For the past week I have been attending a theatre conference in Baltimore and engaging in that wondrous activity—work travel dining. Work travel dining is far from vacation travel dining, which is planned to be relaxing and pleasurable, and often researched far ahead of time, making the meals themselves their own vacation events. Work travel dining is bites grabbed when a moment exists, packaged food stored in your lodgings, and mostly an endless array of hors’ dourves, pastries, and wine delivered to you by a variety of catering companies. This is not to say the food isn’t creative and tasty, but it does not make a full, rounded, and healthy diet. I dread stepping on the scale in the morning.

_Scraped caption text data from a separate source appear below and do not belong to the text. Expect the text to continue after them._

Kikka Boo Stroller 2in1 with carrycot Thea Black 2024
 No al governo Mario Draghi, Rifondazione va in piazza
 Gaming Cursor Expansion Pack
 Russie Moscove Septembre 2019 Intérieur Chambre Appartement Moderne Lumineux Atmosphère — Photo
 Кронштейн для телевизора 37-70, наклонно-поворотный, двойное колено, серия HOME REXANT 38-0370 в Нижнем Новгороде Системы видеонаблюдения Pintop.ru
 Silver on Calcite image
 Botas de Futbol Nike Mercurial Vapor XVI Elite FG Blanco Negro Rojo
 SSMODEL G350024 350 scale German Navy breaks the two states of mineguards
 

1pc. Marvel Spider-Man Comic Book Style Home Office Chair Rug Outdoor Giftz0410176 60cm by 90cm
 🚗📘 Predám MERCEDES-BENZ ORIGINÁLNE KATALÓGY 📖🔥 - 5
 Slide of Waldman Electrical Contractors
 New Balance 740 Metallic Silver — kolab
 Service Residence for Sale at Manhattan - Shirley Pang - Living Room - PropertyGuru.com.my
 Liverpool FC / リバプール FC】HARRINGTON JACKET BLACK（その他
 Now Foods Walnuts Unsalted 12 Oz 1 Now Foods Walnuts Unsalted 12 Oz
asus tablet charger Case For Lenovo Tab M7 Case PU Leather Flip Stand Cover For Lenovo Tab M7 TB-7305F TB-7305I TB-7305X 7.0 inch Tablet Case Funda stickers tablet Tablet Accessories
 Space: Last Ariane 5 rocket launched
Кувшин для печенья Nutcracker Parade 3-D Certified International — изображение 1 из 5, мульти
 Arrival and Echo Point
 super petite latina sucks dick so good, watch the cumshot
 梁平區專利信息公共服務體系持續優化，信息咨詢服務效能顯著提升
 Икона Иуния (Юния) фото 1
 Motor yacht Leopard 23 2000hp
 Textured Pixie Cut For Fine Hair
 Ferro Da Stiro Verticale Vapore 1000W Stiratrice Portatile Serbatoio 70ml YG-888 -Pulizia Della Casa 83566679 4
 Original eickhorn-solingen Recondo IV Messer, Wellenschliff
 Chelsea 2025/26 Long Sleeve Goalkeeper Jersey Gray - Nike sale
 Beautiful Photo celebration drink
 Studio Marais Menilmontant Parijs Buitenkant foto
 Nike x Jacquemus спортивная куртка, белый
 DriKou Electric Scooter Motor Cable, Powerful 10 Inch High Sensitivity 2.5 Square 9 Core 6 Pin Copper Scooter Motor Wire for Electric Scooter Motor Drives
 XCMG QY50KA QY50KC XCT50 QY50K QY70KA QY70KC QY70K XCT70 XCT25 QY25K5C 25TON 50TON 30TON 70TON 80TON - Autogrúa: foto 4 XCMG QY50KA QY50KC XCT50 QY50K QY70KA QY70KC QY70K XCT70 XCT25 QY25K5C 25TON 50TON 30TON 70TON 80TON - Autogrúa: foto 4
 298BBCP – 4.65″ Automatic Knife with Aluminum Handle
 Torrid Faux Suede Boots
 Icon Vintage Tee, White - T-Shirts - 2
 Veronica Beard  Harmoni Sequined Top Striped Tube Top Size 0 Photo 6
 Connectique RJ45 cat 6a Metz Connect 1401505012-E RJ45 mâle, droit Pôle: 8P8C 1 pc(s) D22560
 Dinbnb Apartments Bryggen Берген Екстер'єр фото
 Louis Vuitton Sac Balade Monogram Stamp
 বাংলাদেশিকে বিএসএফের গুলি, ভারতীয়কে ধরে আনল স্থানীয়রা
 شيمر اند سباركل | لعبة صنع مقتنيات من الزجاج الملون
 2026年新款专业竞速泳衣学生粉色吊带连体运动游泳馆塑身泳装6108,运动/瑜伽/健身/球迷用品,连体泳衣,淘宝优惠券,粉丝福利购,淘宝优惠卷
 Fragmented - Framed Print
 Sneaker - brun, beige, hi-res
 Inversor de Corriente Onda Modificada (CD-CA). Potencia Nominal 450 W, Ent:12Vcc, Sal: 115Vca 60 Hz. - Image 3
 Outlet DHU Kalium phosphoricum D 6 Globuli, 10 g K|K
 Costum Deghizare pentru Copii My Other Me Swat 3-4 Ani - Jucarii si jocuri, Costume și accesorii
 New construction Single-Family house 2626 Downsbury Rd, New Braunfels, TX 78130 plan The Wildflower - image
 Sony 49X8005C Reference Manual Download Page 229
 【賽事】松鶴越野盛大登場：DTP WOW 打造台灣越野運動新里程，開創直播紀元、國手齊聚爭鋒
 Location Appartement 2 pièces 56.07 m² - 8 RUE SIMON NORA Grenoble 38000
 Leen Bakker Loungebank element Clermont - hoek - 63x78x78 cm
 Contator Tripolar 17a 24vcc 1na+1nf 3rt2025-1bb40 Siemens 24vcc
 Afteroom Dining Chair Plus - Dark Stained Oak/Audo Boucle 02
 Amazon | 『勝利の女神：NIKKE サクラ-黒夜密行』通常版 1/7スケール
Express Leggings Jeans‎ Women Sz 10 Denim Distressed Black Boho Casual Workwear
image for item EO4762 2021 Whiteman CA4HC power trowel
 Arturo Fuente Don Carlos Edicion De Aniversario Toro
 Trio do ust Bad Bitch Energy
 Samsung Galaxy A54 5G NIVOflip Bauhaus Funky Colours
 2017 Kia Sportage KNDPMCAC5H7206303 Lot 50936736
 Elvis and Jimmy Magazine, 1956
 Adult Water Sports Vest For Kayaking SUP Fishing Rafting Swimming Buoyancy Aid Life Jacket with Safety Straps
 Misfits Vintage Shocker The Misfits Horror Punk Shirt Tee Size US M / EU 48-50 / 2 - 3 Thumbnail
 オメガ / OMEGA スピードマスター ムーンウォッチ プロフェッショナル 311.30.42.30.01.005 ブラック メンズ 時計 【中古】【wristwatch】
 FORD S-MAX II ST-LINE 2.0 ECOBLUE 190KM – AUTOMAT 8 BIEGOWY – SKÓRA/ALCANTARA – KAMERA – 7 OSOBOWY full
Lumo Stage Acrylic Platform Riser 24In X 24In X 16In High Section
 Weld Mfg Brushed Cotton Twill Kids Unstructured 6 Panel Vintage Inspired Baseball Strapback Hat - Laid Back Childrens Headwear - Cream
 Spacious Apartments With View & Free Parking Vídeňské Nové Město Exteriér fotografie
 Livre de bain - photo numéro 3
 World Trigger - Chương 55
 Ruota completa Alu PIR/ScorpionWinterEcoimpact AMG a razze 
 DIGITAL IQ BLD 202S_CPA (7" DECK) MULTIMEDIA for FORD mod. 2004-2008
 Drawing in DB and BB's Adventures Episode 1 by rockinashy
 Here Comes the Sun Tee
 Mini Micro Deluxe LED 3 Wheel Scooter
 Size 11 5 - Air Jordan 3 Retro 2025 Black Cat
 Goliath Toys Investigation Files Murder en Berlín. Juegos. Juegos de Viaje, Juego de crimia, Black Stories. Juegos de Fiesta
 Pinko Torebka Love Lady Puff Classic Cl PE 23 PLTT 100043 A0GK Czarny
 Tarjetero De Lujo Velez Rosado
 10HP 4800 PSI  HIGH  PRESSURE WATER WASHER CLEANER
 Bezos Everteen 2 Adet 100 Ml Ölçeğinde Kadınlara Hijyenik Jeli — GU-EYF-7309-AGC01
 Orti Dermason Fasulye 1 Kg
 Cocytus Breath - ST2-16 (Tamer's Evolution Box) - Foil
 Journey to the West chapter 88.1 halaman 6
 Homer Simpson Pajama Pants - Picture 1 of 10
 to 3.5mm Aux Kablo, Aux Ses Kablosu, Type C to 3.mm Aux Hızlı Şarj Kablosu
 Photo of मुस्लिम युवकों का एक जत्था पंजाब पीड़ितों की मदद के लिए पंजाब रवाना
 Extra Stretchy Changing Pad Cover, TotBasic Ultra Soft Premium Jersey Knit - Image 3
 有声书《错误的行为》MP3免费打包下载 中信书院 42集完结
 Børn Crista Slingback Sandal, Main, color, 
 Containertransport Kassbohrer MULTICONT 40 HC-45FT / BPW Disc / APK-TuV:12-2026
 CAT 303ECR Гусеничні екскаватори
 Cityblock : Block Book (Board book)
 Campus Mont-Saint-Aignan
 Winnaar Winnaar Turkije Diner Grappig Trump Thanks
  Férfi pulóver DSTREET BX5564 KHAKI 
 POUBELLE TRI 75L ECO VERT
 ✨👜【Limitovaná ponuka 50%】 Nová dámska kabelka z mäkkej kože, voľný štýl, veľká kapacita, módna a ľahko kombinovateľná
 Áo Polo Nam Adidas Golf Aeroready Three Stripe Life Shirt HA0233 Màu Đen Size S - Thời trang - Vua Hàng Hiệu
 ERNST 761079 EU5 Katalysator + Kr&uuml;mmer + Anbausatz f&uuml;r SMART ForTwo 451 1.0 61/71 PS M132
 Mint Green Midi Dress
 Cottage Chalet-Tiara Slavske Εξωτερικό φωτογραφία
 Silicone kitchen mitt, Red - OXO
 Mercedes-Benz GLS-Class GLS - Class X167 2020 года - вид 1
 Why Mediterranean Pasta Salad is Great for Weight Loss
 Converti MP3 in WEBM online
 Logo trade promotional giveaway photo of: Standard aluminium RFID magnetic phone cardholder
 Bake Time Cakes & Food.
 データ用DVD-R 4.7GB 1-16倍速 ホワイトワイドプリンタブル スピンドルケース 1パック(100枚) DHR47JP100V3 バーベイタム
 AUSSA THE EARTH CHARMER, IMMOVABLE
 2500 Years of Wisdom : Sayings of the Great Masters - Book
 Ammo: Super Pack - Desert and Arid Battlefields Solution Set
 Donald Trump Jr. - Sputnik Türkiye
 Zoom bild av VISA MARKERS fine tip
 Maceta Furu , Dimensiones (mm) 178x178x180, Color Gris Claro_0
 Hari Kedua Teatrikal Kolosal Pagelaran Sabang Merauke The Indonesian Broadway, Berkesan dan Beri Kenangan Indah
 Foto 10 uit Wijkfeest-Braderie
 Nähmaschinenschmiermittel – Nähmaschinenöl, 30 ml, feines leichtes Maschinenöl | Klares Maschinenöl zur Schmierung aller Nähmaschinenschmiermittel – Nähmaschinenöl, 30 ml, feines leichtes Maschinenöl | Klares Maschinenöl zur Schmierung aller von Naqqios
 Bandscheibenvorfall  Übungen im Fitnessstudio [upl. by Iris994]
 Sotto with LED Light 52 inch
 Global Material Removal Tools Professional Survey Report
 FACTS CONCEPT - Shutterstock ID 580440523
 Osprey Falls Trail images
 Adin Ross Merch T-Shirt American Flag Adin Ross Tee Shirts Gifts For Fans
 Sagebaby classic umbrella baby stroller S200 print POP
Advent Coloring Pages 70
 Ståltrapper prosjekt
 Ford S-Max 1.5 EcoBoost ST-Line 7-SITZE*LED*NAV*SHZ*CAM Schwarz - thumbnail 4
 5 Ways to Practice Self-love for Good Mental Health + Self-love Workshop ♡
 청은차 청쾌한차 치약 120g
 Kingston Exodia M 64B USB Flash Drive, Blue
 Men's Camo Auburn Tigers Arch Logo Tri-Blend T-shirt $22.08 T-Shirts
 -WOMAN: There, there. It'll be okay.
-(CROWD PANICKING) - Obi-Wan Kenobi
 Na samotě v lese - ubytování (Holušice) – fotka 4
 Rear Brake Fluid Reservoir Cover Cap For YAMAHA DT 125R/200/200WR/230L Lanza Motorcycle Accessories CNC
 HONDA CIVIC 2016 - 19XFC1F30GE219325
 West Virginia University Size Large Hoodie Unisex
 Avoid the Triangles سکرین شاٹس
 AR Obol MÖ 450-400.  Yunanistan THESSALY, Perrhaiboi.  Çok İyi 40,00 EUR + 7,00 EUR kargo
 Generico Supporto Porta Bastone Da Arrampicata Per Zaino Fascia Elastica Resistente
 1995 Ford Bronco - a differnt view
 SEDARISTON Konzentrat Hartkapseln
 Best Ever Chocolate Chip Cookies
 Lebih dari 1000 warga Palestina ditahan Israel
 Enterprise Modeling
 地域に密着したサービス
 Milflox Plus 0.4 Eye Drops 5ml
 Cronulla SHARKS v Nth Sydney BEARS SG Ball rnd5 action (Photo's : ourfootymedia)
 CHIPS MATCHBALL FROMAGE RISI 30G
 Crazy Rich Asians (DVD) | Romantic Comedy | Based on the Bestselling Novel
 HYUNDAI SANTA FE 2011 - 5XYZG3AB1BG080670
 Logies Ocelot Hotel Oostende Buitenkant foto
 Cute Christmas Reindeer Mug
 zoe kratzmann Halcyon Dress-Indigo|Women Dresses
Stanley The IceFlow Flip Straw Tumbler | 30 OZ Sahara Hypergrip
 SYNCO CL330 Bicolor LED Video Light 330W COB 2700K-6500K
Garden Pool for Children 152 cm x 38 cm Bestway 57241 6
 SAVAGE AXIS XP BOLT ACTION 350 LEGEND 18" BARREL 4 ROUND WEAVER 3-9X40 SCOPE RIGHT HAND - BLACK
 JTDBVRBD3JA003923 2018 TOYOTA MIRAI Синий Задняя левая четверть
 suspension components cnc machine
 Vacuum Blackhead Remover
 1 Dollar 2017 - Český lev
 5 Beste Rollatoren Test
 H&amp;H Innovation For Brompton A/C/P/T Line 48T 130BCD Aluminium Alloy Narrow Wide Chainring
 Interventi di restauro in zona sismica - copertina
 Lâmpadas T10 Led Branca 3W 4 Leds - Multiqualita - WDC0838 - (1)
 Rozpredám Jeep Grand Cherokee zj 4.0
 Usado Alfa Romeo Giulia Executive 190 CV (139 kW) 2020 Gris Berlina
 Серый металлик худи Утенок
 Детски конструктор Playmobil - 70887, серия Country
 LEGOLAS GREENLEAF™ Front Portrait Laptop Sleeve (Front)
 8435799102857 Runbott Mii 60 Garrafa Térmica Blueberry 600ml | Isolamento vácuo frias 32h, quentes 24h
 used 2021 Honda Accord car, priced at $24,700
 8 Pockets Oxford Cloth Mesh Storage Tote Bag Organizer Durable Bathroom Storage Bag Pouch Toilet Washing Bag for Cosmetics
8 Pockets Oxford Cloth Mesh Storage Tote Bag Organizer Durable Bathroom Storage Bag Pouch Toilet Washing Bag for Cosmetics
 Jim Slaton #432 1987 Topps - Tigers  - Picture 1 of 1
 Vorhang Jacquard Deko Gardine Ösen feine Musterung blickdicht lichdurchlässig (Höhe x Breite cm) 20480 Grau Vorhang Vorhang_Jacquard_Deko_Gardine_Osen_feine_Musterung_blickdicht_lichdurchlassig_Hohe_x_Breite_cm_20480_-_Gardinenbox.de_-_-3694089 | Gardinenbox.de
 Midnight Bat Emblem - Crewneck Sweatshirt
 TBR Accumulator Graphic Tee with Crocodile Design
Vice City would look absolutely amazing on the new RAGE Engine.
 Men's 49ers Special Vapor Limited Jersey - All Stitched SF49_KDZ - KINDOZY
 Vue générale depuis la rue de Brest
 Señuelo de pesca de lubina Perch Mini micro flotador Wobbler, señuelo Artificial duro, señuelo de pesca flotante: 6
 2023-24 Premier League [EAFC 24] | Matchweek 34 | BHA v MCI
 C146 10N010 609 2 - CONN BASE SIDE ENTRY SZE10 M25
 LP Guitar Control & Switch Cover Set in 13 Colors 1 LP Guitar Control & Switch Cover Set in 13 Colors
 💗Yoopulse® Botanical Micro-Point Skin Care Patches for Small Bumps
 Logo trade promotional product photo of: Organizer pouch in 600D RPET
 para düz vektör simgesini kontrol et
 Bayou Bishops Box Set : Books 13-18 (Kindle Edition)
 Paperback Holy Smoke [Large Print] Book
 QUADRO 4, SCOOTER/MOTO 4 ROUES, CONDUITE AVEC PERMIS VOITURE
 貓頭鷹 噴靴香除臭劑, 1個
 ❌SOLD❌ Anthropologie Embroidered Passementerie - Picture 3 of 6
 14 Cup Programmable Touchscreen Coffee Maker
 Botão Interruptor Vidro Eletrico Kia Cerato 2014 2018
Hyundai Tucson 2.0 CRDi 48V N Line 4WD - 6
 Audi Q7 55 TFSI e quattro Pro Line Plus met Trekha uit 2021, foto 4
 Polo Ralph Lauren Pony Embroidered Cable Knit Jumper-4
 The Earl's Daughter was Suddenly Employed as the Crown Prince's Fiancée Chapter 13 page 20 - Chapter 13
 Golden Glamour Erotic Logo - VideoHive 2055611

There were many artistic highlights on the trip, moving speakers and a group of Sudanese dancers that make beautiful art with beautiful purpose. Baltimore, despite my never making it to the lovely inner harbor neighborhood, provided some dining highlights as well.
The first evening after wandering around trying to find the downtown area (and almost ending up at a deli,) a group of us stumbled upon the lovely My Thai restaurant happy hour. Three dollar wine and sushi was an excellent and revitalizing experience after the long day of travel. The house red wine was a Malbec, a variety I have been very interested in lately. These wines often come from South America and have a nice rounded spice on the palate. As I had eaten sushi for lunch, I ordered their softshell crab special where the crab was done tempora style with a spicy sauce on the side.
The second day it was decided that drinks were called for before dinner could be dealt with so the group headed to Grand Central where the bartender gets props for pointing out the evening’s vodka special when I ordered my gimlet. The gimlet was mixed smooth and well balanced; I’ve had far too many that were like drinking a bottle of Rose’s Lime Juice. A few drinks into the evening, a few of us decided that if food didn’t happen soon then getting up for the conference in the morning
probably wouldn’t happen either. When the Mexican restaurant we tried to go to was closed (as burritos are amazing drunk food) we found Akbar, a fantastic Indian restaurant. I live in a very Indian neighborhood, but my ordering capabilities are somewhat limited. I do better buffet style, off a menu I know how to recognize the words nan and tandori and that is about it. Luckily we were with an expert orderer who introduced me to Chicken Tikka Masala, a dish that very nearly prompted a marriage proposal from our group to the chef. It was a lovely mild blend of spices, poured over yellow rice or with garlic nan dipped in. We devoured the dish entirely.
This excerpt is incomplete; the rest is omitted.